Exercise description:
I would like the listing below retyped exactly, line by line.

Material provided:
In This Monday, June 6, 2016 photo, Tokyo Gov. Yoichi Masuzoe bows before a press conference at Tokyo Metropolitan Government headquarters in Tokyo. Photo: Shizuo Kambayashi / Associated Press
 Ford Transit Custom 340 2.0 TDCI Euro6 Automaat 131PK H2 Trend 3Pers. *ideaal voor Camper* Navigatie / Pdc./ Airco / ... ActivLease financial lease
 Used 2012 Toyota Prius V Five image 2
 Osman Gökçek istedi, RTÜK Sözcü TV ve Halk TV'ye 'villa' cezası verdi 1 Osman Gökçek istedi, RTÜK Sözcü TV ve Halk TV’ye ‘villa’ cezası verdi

Written reply:
In This Monday, June 6, 2016 photo, Tokyo Gov. Yoichi Masuzoe bows before a press conference at Tokyo Metropolitan Government headquarters in Tokyo. Photo: Shizuo Kambayashi / Associated Press
 Ford Transit Custom 340 2.0 TDCI Euro6 Automaat 131PK H2 Trend 3Pers. *ideaal voor Camper* Navigatie / Pdc./ Airco / ... ActivLease financial lease
 Used 2012 Toyota Prius V Five image 2
 Osman Gökçek istedi, RTÜK Sözcü TV ve Halk TV'ye 'villa' cezası verdi 1 Osman Gökçek istedi, RTÜK Sözcü TV ve Halk TV’ye ‘villa’ cezası verdi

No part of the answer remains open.